Today I’d like to share some of the lessons I’ve learned in the hopes they may shine a light on how you can approach libido constructively in your own life.
There is no such thing as "normal"
However you experience sexual desire, you’ve likely had moments where you thought something was wrong with you. Ironically, we’re shamed on both sides of the spectrum - our culture likes to label us as "frigid" or "slutty", and sometimes accuses us of being both at once. For me, being surrounded by sex-positive resources that reinforce the idea that however I experience desire is normal has been life changing. Fortunately, that’s becoming easier thanks to sex-positive social media, podcasts, and blogs. We can’t control all the media we’re exposed to, but there is a lot we can control to ensure the messages we consume reflect our values and how we want to feel.
Knowledge is power
For many years I didn’t really understand how sexual desire worked. Although my libido was generally higher than my partners, it wasn’t consistent. Sometimes I’d go through phases when I was completely uninterested in sex and I couldn’t figure out why. Reading books like Come As You Are (a science-based explanation of female desire) demystified my arousal patterns and helped me understand the reason behind the fluctuations. I learned to appreciate how factors like stress were putting the “brakes” on my sexual desire – and more importantly, how I could release them.
Libido naturally fluctuates with the menstrual cycle
Thanks to fertility awareness, I’ve learned my libido is intimately linked with my menstrual cycle. In our work teaching menstrual cycle charting at Red Tent Sisters, clients are often shocked to discover that there are clear patterns of arousal that repeat across menstrual cycles. Colleagues like Miranda Gray and Zahra Haji have taken this further and highlighted how menstruators can “optimize their cycle” by embracing energetic and hormonal shifts. If you can learn to anticipate the ebbs and flows (and communicate those to a partner), then you can plan accordingly. Many of our clients have reported increased relationship harmony based on this single factor. When you and a partner know that your lack of desire is physiological and temporary, it is easier not to take things personally.
Accept that you and your partner will rarely have the same level of desire at the same time
Unfortunately it’s easy to place blame – telling the lower desire partner they should want it more, and the higher desire partner they should want it less. This just serves to reinforce feelings of shame and guilt which is the last thing we need more of when it comes to sexuality (not to mention the fact that shame and guilt are total turn offs and not likely to help the cause!). Instead, I’ve tried to release any attachment to what is the “right” level of desire and reframe the conversation to “how can I make sure my needs and my partners needs are both being met.” Being open to how that is going to happen allows us to find creative and effective solutions.
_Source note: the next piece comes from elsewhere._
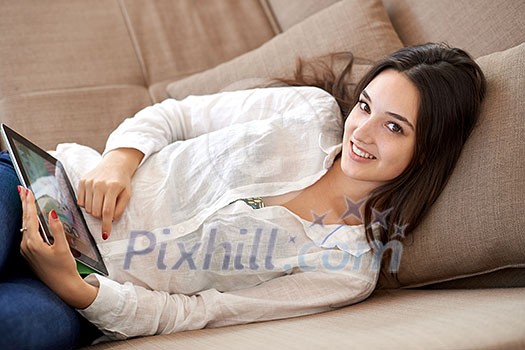 woman at home using tablet computer woman at home using tablet computer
We alone are responsible for recognizing, communicating and getting our needs met
When I really dig deep, I know that one of the reasons being the higher desire partner in a relationship is uncomfortable is because it requires me to step up and articulate my needs – and more importantly, advocate to have them met. Women are typically socialized to put the needs of others ahead of their own and often to silence their needs altogether. It's important that each partner in the relationship be clear about what they need and communicate it. And it is important that the person who is listening to those needs honour that they are important to that person. It doesn't mean that we are responsible for filling them, but in a healthy partnership we will at least acknowledge those needs and hopefully engage in a conversation about how those needs can be met. This can be uncomfortable, but a genuine “blessing in disguise”. For me, learning to work through that discomfort has had a ripple effect throughout all aspects of my life. I hope it can for you too.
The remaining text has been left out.